China – Fast food chain KFC has launched a campaign that advocates teetotal fun through the brand’s new rum-flavoured, non-alcoholic drink Mojito Girl. In the ad, protagonist Mojito Girl explains that although her parents and teacher attribute her eccentricities to alcohol, she does not need it to ‘get high’.
Created by Japanese director Tsuyoshi Taniyama and starring actress Xing Lu, the playful spot highlights the benefits of sobriety, something LS:N Global examined in 2016 with our Party-totallers Tribe.
Young consumers are increasingly choosing to abstain from drinking, and this mindset is increasingly being adopted by consumers in Asia.

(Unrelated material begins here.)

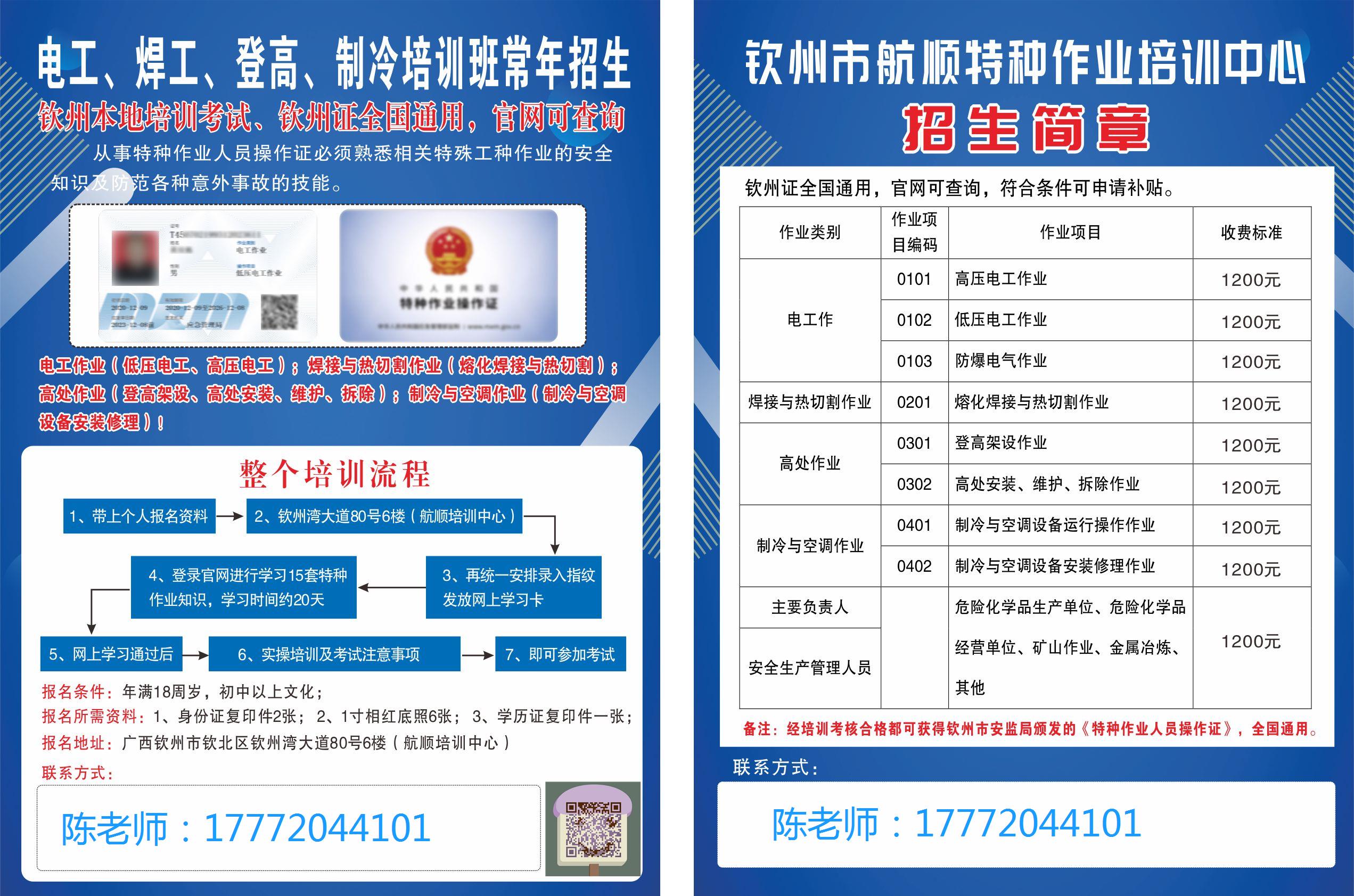 电工发图私人号.jpg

4. P&G announces plan to launch transparent labelling
US – Procter & Gamble has announced that it will list all ingredients present in its scented products in concentrations greater than 0.01% online by the end of 2019 in a bid to create greater transparency in its supply chain. The initiative will initially be rolled out across the brand’s fabric, home and beauty categories, and also highlight other everyday products that feature the ingredients, such as fruit and food.

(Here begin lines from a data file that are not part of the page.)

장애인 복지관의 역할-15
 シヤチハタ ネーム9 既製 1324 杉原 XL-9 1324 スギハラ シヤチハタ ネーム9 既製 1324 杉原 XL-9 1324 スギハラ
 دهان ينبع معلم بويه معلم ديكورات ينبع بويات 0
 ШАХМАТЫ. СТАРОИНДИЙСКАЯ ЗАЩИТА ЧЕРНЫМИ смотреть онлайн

As LS:N Global explored in the Inside Ingredients section of our Sensitised Living Market, growing consumer concern around skin irritants is driving brands to list individual ingredients to enable consumers to learn about the chemical make-up of products and make more informed buying decisions.
In the age of radical transparency, information is key. As examined in our Honest Products microtrend, brands are developing informative platforms to communicate the properties of ingredients.
Old Spice by Procter & Gamble
5. Men’s skincare market growing in China
China – Driven by the rise of K-pop and the popularity of its well-groomed stars, Chinese men are increasingly looking for products that help them achieve a flawless complexion.
This is fuelling growth in the domestic men’s skincare and cosmetics market, where retail sales are expected to reach £224.7m ($291.1m, €244.3m) in 2019, according to Euromonitor International. For more on the future of the beauty market download our Beauty Futures Report 2017.
6. Thought-starter: Does femininity need a rebrand?
In our latest Design Direction, visual trends researcher Rachael Stott explores how creative practitioners are abandoning tired gendered design cues to radically redefine modern female identity.
According to a study by The Engine Group, 86% of women believe that brands’ depictions of women do not reflect their lives, highlighting a need for businesses to reconsider how they represent and engage with women.
As discussed at our recent Female Futures Forum, the ‘pinkification’ of feminism is not only detrimental to the progression of women’s rights – it also alienates men. Consumers increasingly favour neutral imagery that promotes diversity and modern notions of female identity.
A new wave of designers are embracing a bold aesthetic that expresses women and women’s issues in a confident and authentic manner. Sexualised poses, airbrushed images and unrealistic representations of the female form are falling out of favour as photographers increasingly look to capture the body as a graphic form, and emphasise authentic female characteristics through colour-blocking and evocative props and styling.